Agentes na cadeia introduzem novas vulnerabilidades

Talvez o risco mais visionário que Amador identificou vá além dos paradigmas tradicionais de cibersegurança. À medida que agentes autônomos na cadeia e sistemas de IA ganham a capacidade de tomar decisões e transferir ativos sem intermediação humana, surge uma nova superfície de ataque. “Agentes de IA na cadeia podem ser mais rápidos e mais poderosos do que operadores humanos, e são particularmente vulneráveis à manipulação se os seus caminhos de acesso ou camadas de controlo forem comprometidos,” alertou.

Isto representa uma mudança qualitativa no risco. Falhas de segurança anteriores exigiam que um atacante comprometesse uma carteira ou conta de troca—ativos discretos e identificáveis. Os agentes de IA, por outro lado, operam com autoridade delegada através de protocolos e pools de liquidez. Comprometa uma única camada de controlo de um agente e o atacante ganha acesso algorítmico aos fluxos de capital a velocidade de máquina. “Ainda estamos no início de aprender como proteger adequadamente os agentes,” reconhece Amador, “e esse será um dos maiores desafios de segurança do próximo ciclo.”

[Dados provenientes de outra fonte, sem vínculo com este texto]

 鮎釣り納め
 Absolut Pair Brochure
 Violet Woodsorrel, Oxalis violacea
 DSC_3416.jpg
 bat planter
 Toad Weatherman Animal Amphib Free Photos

O caminho à frente: Segurança além do código

O consenso emergente entre os especialistas em segurança é marcante. A segurança na cadeia está a melhorar de forma demonstrável, mas as perdas totais continuam a aumentar. Esta contradição aparente dissolve-se quando a perspetiva muda do código para as operações. O adversário não é um programador inteligente a encontrar um bug de reentrância—é um criminoso sofisticado a usar 19 mil milhões de passwords comprometidas, identidades sintetizadas e manipulação psicológica para extrair valor de indivíduos.

A resposta da indústria de crypto determinará se 2026 reverte os danos de 2025. Requer investimento em sistemas defensivos de IA, gestão de passwords de nível empresarial, controles de múltipla assinatura e educação. Requer fechar a lacuna de adoção que deixa 99% dos projetos sem proteção básica de infraestrutura de segurança. Mais fundamentalmente, exige reconhecer que a criptografia mais forte do mundo não vale nada se o elo mais fraco continuar a ser o julgamento humano, o compromisso e o engano.

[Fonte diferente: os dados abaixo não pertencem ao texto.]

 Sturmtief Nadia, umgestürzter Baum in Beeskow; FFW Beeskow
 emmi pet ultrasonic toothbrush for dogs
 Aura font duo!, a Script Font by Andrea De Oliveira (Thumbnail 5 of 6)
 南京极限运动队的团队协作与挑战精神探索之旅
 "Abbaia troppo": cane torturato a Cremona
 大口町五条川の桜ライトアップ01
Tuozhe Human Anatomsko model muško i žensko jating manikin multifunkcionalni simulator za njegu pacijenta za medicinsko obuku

A batalha pela segurança já não se trava na cadeia. É travada nas interfaces de utilizador, nos controles de acesso corporativos, nos painéis de monitorização e nos espaços entre a intenção humana e a execução automatizada. E nesse campo, o lado que combinar sofisticação tecnológica com disciplina operacional prevalecerá, em última análise.